Spain (including Balearic and Canary Isles)
All valid UK driving licences should be accepted. This includes the older all-green style licences (in Northern Ireland older paper style with photographic counterpart), although the EU appreciates that these may be more difficult to understand and that drivers may wish to voluntarily update them before travelling abroad if time permits. Application form D1 (in Northern Ireland DL1) is available from most Post Offices®. Alternatively, older licences may be accompanied by an IDP.

http://www.theaa.com/getaway/idp/motidp006.html


----------



## 89682 (Jun 4, 2005)

Hi boskybee 

The AA map of France book, can usually be found in discount booksellers, shows very clearly toll free motorways in France.

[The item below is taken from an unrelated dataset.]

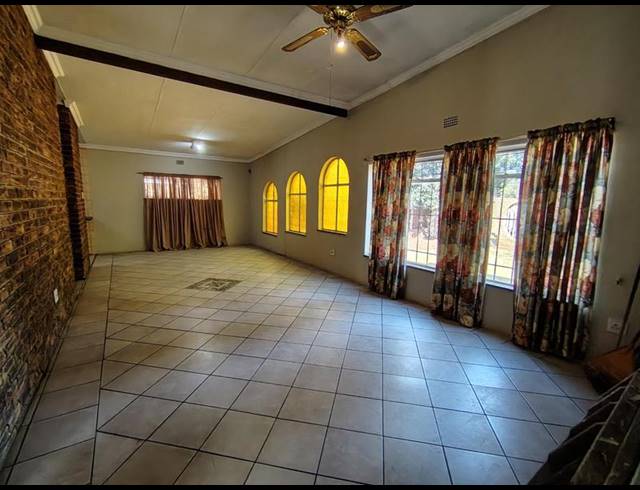 5 BEDROOM HOUSE FOR SALE IN WITFIELD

I find it very useful for planning routes. It is not as detailed as a Michelin Map but for route planning it is much easier. 

Regards 

Herman


----------



## billym (Dec 17, 2005)

Slightly off topic....has anyone ever worked out their mileage going into Spain through France off toll roads compared with motorways and how does the fuel consumption compare. Taking into consideration that tolls will be about 70 to 80 euros is there any financial advantage in staying off motorways ?


----------



## C7KEN (May 27, 2005)

Billym I wish it was only 80 euros in tolls from Alicante to Dunkirk, we find that the toll staff look at our twin rear wheels and charge accordingly, I think in Spain it's group 2 we usually try to use toll free unless it entails driving through some awkward town with crazy spanish or french drivers trying to cut us up then we will pay a toll, non toll is similar in miles but adds a few driving hours its still a 3 day trip for us whether toll or toll free, we have done northern France with 900 miles in one day but never again, we have never taken the same route twice always alternate ,makes it more interesting, and always avoid Paris,


----------



## Scotjimland (May 23, 2005)

Hi Billym

We have never used the toll roads with the RV, the cost with the C class was bad enough, do you know how they class an RV ? I've looked at the site : 
http://www.autoroutes.fr/voyage/itineraires.php?lng=2 but it's not clear what toll they charge RVs.. I'm guessing a 'coach' class .. which would make a North South journey about €150 .. can you clarify :?


----------



## BrianR (May 1, 2005)

I don't know about "RV"s, but motorcaravans (Camping-cars to the French) are Class 2 for motorway tolls in France. I can't see why an RV should be any different - unless the French anti-american bias has influenced them. I suppose there is some upper size limit though, thinking about it. Personally I never use the toll motorways. The French D roads are almost as direct and far more enjoyable to drive on. Since I cruise at 50 - 55 mph the time difference is not significant. The mpg saving on the motorways is far outweighed by the tolls.

Brian


----------



## Scotjimland (May 23, 2005)

BrianR said:


> The French D roads are almost as direct and far more enjoyable to drive on. Since I cruise at 50 - 55 mph the time difference is not significant. The mpg saving on the motorways is far outweighed by the tolls.
> 
> Brian


Hi Brian 
totally agree, you see more of France and it's more relaxing .. I was just curious ..

jim


----------



## desertsong (Mar 8, 2006)

Hi Bosky bee,

We regularly go down to south west France, mainly Bordeaux. I see you are in Hampshire. If you go from Portsmouth to Caen/ St Malo/ Cherbourg, then Rennes - Nantes, the motorways to that point are free. Its only when you pass Nantes, that you start to pay. The motorways in Brittany are free as far as I know.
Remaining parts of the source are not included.